Japanese restaurants hungry for part-time workers

TOKYO -- For many Japanese restaurant chains, the battle for employees is becoming even fiercer than the competition for customers. 

Yoshinoya's outlet near Shibuya Station in Tokyo offers exceptionally high hourly wages for part-time workers.

     Students and "freeters," or job-hopping part-time workers, are the backbone of the restaurant industry, allowing chains to keep labor costs down and profits up. But Japan's economic recovery means more of this once-plentiful labor pool is landing full-time employment elsewhere. As a result, chains are struggling to secure workers despite offering higher hourly wages.

Costly competition

The hardest-fought battle for part-time workers is taking place around Shibuya Station, one of Tokyo's busiest railway stations. 

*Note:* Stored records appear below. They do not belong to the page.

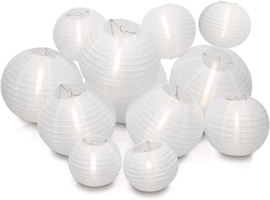 Witte nylon lampionnen pakket 10 stuks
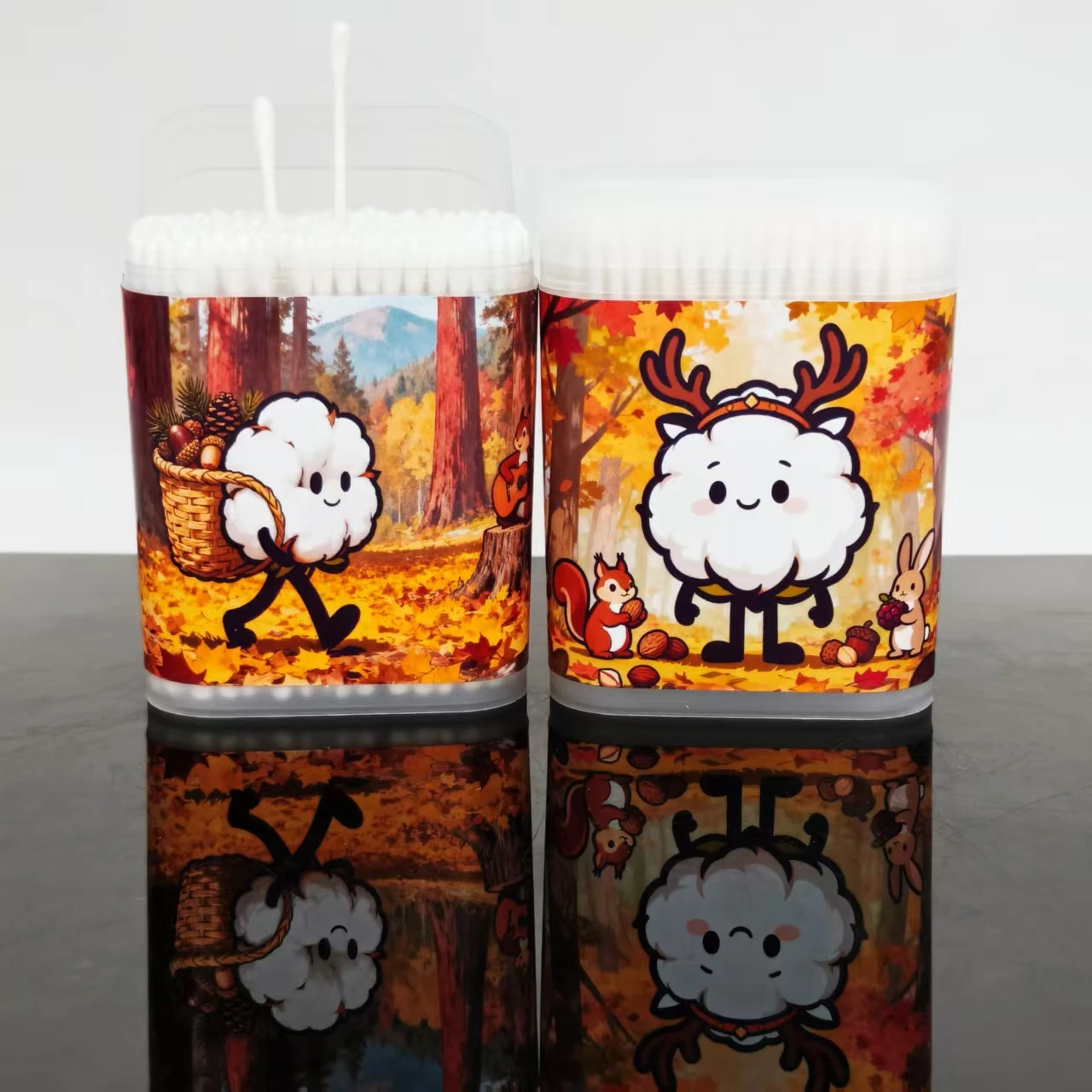 400개/600개 추수감사절 테마 면봉 볼 스크럽 박스 정밀 축 면봉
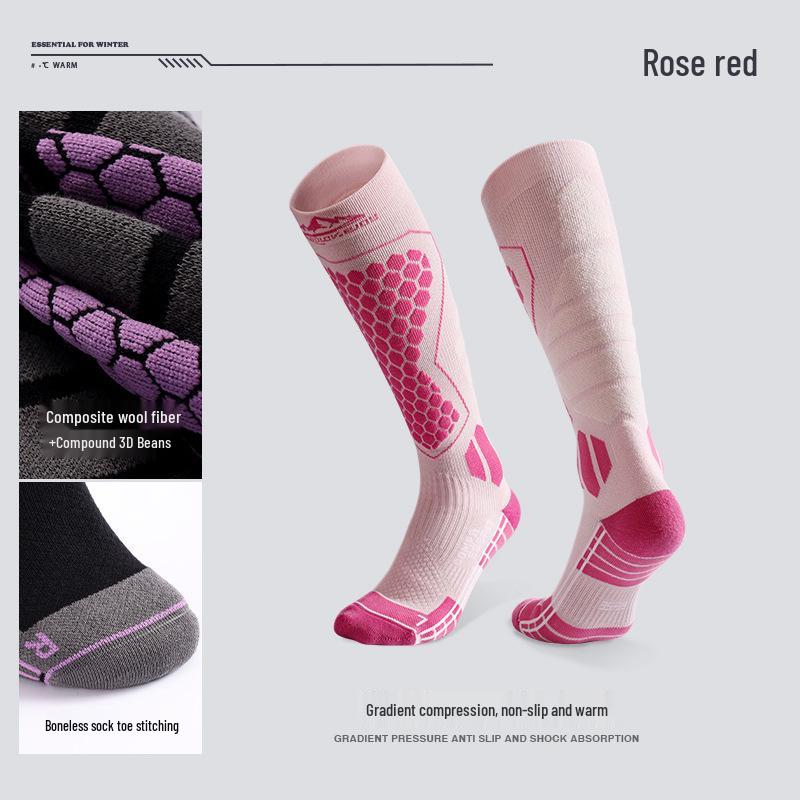 Unisex Winter Wool Ski Socks - Warm, Quick-Dry, Fleece-Lined, High-Top Compression for Outdoor Sports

     In early June, an outlet of gyudon beef bowl chain Yoshinoya put up posters advertising openings for part-time positions. The shop, located near a busy intersection in front of the station, was offering exceptionally high wages -- 1,500 yen ($14.5) per hour for night shifts and 1,200 yen for day shift. The nearby outlets of Yoshinoya's two main rivals, Sukiya and Matsuya, were also promising high hourly wages of between 1,100 and 1,375 yen.

     To put this into perspective, hourly wages for part-time workers at restaurants in the Tokyo metropolitan area as a whole average just 971 yen, according to a recent survey by employment information company Recruit Jobs.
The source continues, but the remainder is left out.